The ID displayed by Visual Studio is actually the OS thread ID. This is not the same as the managed thread ID as suggested by several replies.
The Thread
type does include a private IntPtr member field called DONT_USE_InternalThread
, which points to the underlying OS structure. However, as this is really an implementation detail it is not advisable to pursue this IMO. And the name sort of indicates that you shouldn't rely on this.

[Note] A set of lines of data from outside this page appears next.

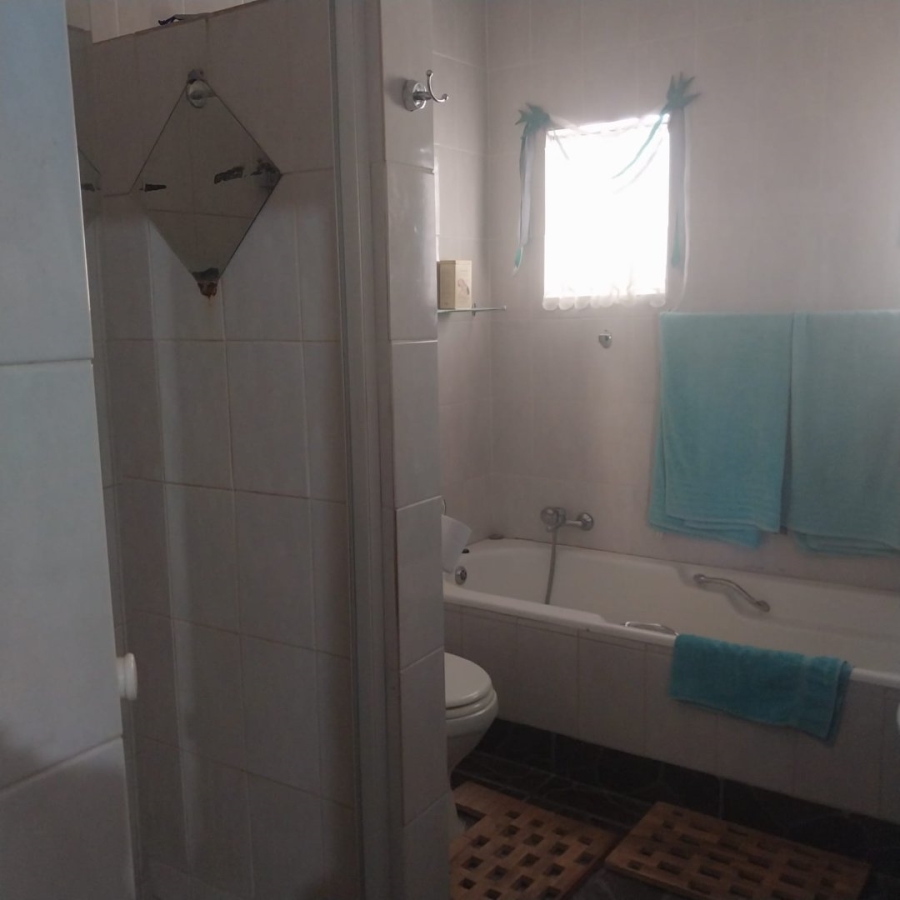 7 Bedroom Property for Sale in Carters Glen Northern Cape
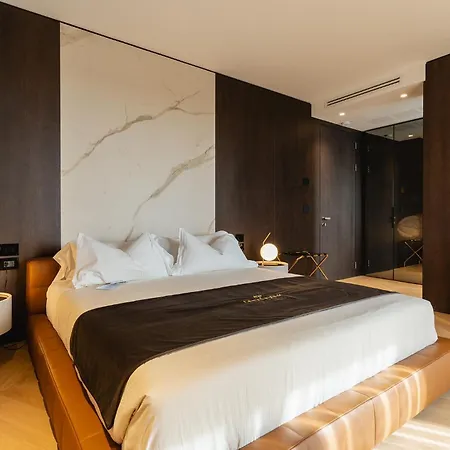 Park Penthouse Suite&pool - Heated Pool - 4*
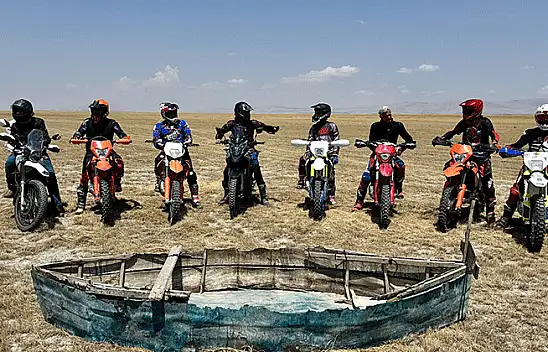 Kuruyan Akşehir Gölü'nden motosikletlerle geçtiler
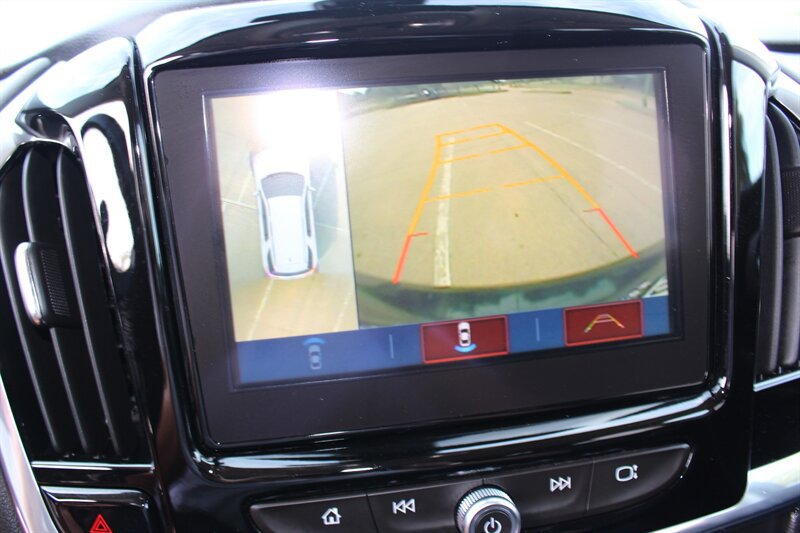Used 2018 Chevrolet Traverse LT FWD image 32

You can use Thread.GetHashCode, which returns the managed thread ID. If you think about the purpose of GetHashCode, this makes good sense -- it needs to be a unique identifier (e.g. key in a dictionary) for the object (the thread).
The reference source for the Thread class is instructive here. (Granted, a particular .NET implementation may not be based on this source code, but for debugging purposes I'll take my chances.)
GetHashCode "provides this hash code for algorithms that need quick checks of object equality," so it is well-suited for checking Thread equality -- for example to assert that a particular method is executing on the thread you wanted it called from.
As of July 2022 the VS2022 IDE suggests using System.Environment.CurrentManagedThreadId
instead of Thread.CurrentThread.ManagedThreadId
Quoting from https://learn.microsoft.com/en-us/dotnet/fundamentals/code-analysis/quality-rules/ca1840:
System.Environment.CurrentManagedThreadId is a compact and efficient replacement of the Thread.CurrentThread.ManagedThreadId pattern.